We have allowed bad actors to flourish in our midst, ranging from harshing the vibe to the vilest of physical abuses.

We have lost our influence on the values and purpose of our groups, allowing many to dissolve into boring mediocrity.

We have missed opportunities to learn more about our fellows and thereby to encourage and take advantage of their virtues while avoiding and diminishing their vices.

We have let issues fester under the surface until they erupt in community-rending conflict.

We have failed to strategically coordinate efforts toward positive community and individual ends.

We have foregone chances to mutually calibrate judgments, nudge evaluations, and intimately bond with close friends and allies.

We have forced our most socially skilled peers, those responsible for a vibrant community, to choose between overt defiance of our norms, disingenuously performing their function privately and likely feeling shame, or depriving us of their benefits altogether.

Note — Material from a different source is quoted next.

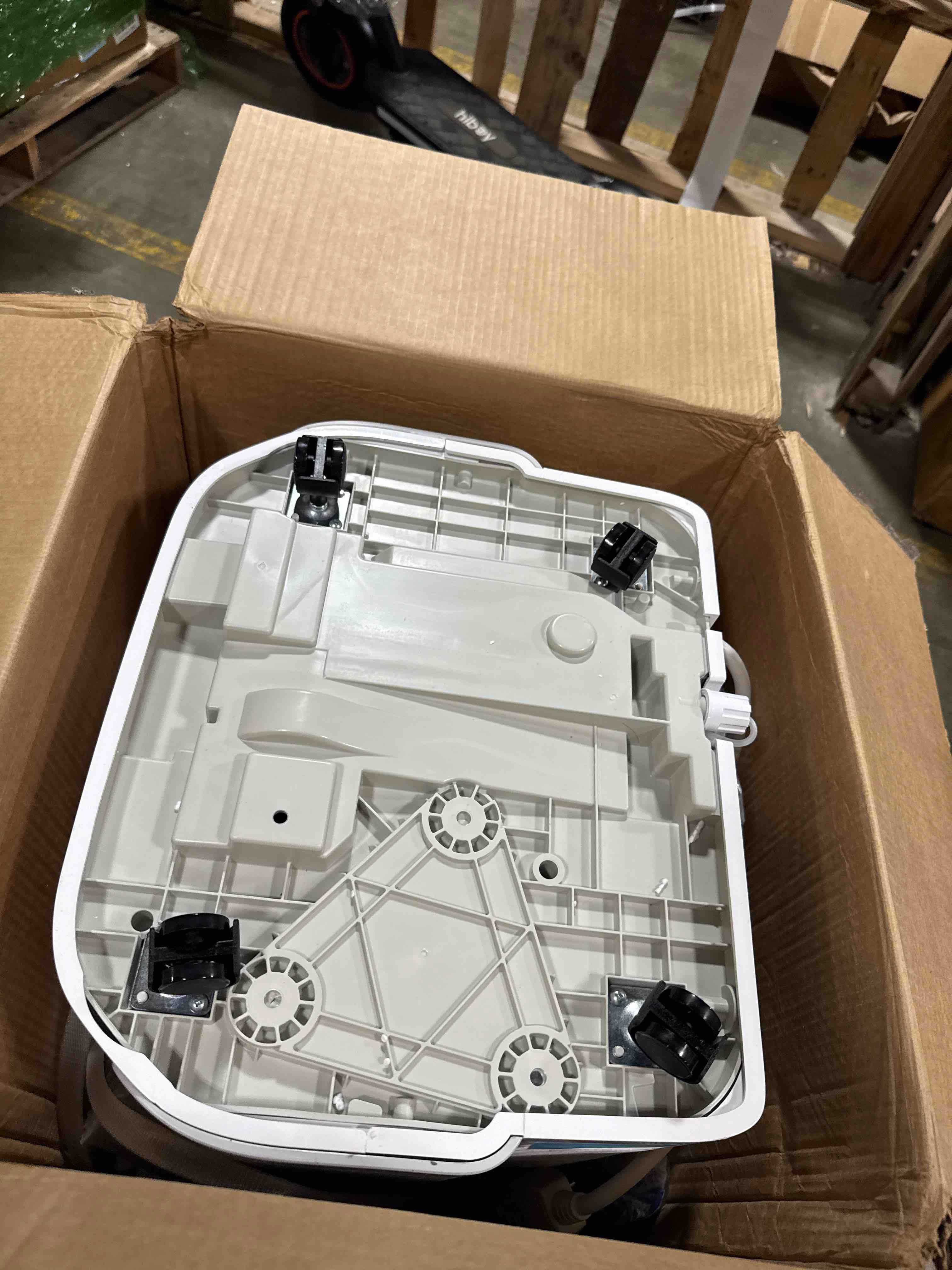 https://s3.amazonaws.com/lotting-images-prod/phillipi/TEA3364135_1755554503426.jpeg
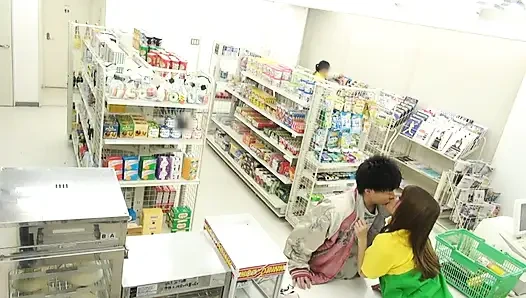 Too Much Eye Contact at This Convenience Store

I, therefore, a representative of myself, appealing to my reputation and reasoning for the rectitude of my intentions, do, in the name, and by the authority of myself, solemnly publish and declare, that this community and others like it of right ought to be a more dramatic and catty people; that they are absolved from all obligation to be in all things public, reserved, and cordial; and that as dramatic and catty people, they have full power to dish, matchmake, vent, praise, and to do all other acts and things which catty people may of right do. And for the support of this declaration, with a firm reliance on the correctness of my judgment and experience, I pledge to you all my honest useful assessment, my listening ear, and my understanding that you’ll totally bitch about me to your friends after this speech.